We all know that most rider always say that they will tip but never do so to get good rating. I have an idea on how to people like that. If you ever heard one person say they'll tip you, I recommended giving them 1 star rating and put attitude and other. No one wants to know if you tip or not.


----------



## mikes424 (May 22, 2016)

One thing I started to do when I get the dreaded "I'll tip you in the app" is this. When the rider is still the car I close out the ride and say I closed out the ride, you can add the tip now.

Moderate, not great, success but more than before.


----------



## steveK2016 (Jul 31, 2016)

Most people that tell me they'll tip actually have tipped. Ive also gotten tips 2 days later. Most of my pax are late night drunks so they tend to forget until they sober up.


----------



## Transeau (Sep 8, 2018)

I got an Airport pickup yesterday. Older couple in this late 60's, 6 bags total.
I loaded and unloaded all the bags, They helped themselves to water and candy.
Said they were going to tip.

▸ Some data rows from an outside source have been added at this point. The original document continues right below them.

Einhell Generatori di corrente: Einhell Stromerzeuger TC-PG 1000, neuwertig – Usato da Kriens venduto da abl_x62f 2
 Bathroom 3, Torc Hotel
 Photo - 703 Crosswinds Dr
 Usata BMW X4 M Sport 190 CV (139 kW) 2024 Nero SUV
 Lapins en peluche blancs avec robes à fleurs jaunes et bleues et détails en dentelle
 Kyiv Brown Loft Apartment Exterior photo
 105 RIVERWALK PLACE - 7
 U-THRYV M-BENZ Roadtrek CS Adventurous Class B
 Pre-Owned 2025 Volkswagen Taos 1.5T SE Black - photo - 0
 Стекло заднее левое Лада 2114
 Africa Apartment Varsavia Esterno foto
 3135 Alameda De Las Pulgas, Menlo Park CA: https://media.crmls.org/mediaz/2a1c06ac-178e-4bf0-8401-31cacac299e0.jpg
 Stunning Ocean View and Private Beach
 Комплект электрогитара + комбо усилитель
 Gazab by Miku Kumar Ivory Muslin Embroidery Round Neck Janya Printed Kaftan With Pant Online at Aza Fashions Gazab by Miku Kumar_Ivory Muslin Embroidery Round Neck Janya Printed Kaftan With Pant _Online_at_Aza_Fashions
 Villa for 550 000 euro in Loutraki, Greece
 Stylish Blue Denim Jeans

All they did was leave a "Thank you for your help" comment.

I wonder what would happen if I put a sign that said "Water and Candy for tippers only"


----------



## MHR (Jul 23, 2017)

I also let them know that they will receive an email receipt and it will give them the opportunity to rate me as well as tip me.

Many times I can hear an email notification on their phone when I close the ride so I usually say, "and there it is".


----------